Mas o BES não só não se salvou do descalabro que ele próprio estimulara como foi assaltado pelos seus desvarios e demónios internos – especialmente os dos laços de sangue que, nos momentos críticos, provocam a autofagia familiar.
Ninguém imaginaria que uma instituição com um perfil tão polido e civilizado como o BES se pudesse ter envolvido em mil trapalhadas financeiras e golpes baixos de evasão fiscal, comprometendo a honorabilidade do seu Presidente e outros altos quadros do banco. Nem seria também imaginável que, quando já o Banco de Portugal (BdP), com os pezinhos de lã habituais, arredara a família desavinda da gestão do BES, Ricardo Salgado anunciasse a sua saída por vontade própria e que o seu primo e inimigo de estimação, José Ricciardi, se afirmasse pretendente traído à coroa mas reclamando para si, em jeito de vingança, a posse de uma das jóias familiares, o BESI. Como é possível atingir tais extremos de infantilidade suicidária?
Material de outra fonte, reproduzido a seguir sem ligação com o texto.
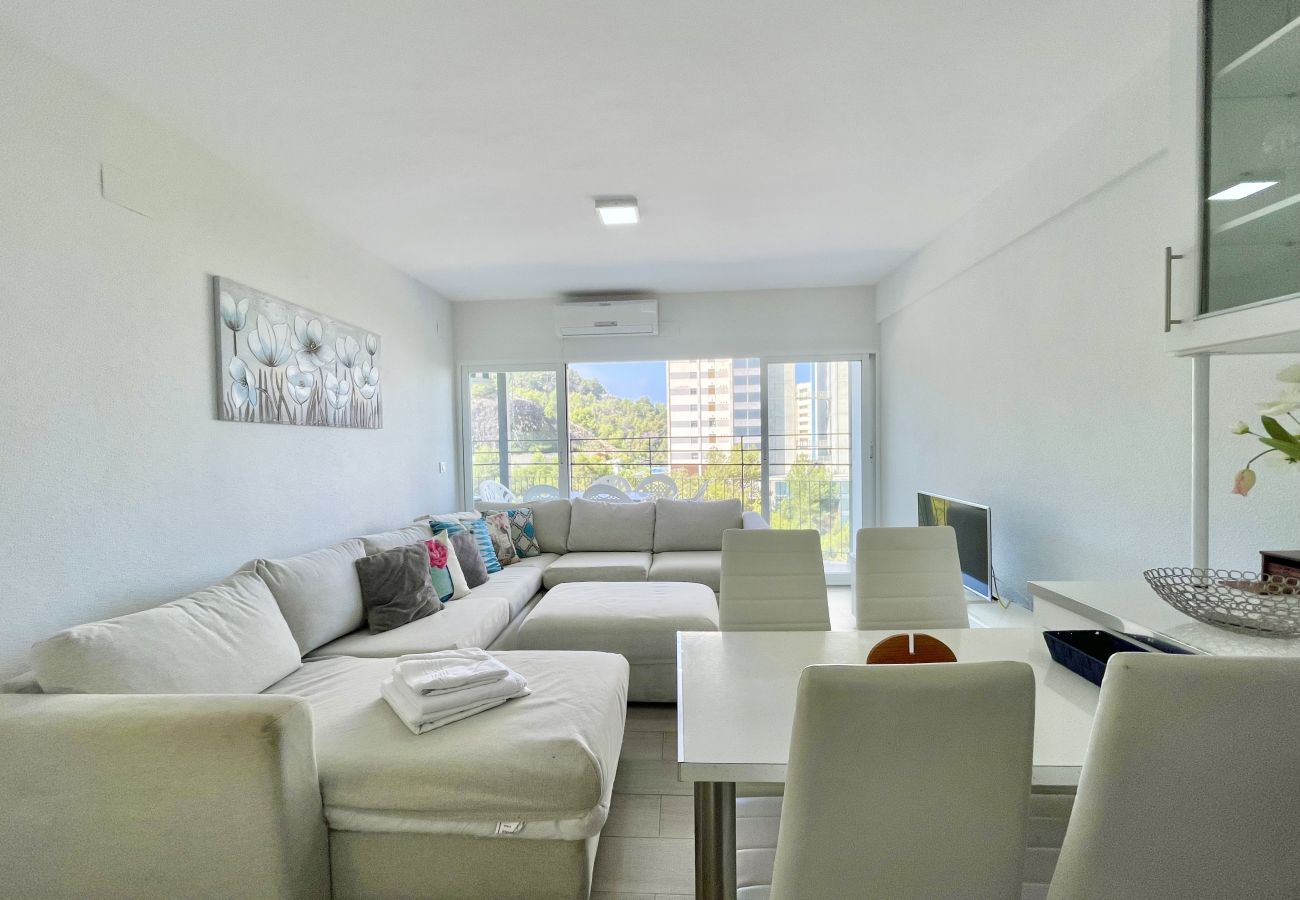 Apartamento en Benidorm - ANTENA CITY APARTMENT R065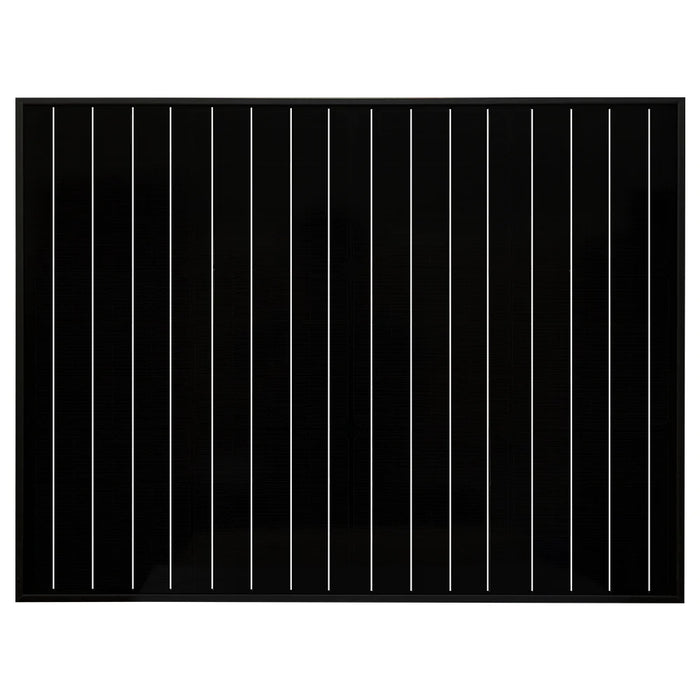 Rich Solar Mega 50 Watt Solar Panel Black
Enquanto a guerra da família entrava em roda livre e Salgado parecia ter conseguido impor o seu braço-direito como sucessor (embora se trate de um dos suspeitos de truques de tesouraria) as acções do BES caíam a pique – 10 por cento – num só dia. Perante os inimputáveis Espírito Santo, o BdP, habituado a correr atrás do prejuízo, chegará a tempo de evitar a hecatombe que nos levará todos a pagar os custos da maldição do banco do regime?